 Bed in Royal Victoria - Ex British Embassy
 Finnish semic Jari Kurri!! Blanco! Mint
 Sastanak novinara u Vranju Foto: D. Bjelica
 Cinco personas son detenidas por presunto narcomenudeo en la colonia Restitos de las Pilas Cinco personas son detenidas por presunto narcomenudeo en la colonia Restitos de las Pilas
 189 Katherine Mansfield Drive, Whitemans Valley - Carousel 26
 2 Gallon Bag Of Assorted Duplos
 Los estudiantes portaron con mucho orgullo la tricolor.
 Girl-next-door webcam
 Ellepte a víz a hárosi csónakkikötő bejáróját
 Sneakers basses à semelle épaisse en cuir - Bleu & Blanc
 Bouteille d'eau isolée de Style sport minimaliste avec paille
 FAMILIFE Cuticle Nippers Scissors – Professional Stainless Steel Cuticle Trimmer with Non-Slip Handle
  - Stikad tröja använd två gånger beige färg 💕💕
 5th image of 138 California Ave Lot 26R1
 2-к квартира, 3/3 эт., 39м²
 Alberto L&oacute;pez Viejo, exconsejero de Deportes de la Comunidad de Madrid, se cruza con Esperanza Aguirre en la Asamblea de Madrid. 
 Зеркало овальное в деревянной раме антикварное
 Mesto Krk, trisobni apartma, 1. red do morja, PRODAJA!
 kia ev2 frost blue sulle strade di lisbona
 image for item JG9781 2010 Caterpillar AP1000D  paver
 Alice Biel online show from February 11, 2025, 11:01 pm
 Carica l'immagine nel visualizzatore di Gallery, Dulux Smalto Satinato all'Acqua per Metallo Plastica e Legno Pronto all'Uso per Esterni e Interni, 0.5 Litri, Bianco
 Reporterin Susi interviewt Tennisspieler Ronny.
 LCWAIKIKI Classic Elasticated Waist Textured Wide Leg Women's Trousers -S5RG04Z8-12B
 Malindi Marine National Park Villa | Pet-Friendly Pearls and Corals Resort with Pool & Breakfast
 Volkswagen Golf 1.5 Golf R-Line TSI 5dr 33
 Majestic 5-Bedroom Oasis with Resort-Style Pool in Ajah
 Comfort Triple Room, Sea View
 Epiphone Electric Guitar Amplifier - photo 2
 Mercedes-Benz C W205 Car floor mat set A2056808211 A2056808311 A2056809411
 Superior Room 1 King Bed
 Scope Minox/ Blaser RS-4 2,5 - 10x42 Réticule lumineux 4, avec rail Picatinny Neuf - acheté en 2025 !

★ ★ ★

### WHAT IS BEING ASKED
Your task is to reproduce exactly the lines that begin with the one containing "Carica l'immagine nel" and continue to the end of the data, both ends included.

### TASK OUTPUT
 Carica l'immagine nel visualizzatore di Gallery, Dulux Smalto Satinato all'Acqua per Metallo Plastica e Legno Pronto all'Uso per Esterni e Interni, 0.5 Litri, Bianco
 Reporterin Susi interviewt Tennisspieler Ronny.
 LCWAIKIKI Classic Elasticated Waist Textured Wide Leg Women's Trousers -S5RG04Z8-12B
 Malindi Marine National Park Villa | Pet-Friendly Pearls and Corals Resort with Pool & Breakfast
 Volkswagen Golf 1.5 Golf R-Line TSI 5dr 33
 Majestic 5-Bedroom Oasis with Resort-Style Pool in Ajah
 Comfort Triple Room, Sea View
 Epiphone Electric Guitar Amplifier - photo 2
 Mercedes-Benz C W205 Car floor mat set A2056808211 A2056808311 A2056809411
 Superior Room 1 King Bed
 Scope Minox/ Blaser RS-4 2,5 - 10x42 Réticule lumineux 4, avec rail Picatinny Neuf - acheté en 2025 !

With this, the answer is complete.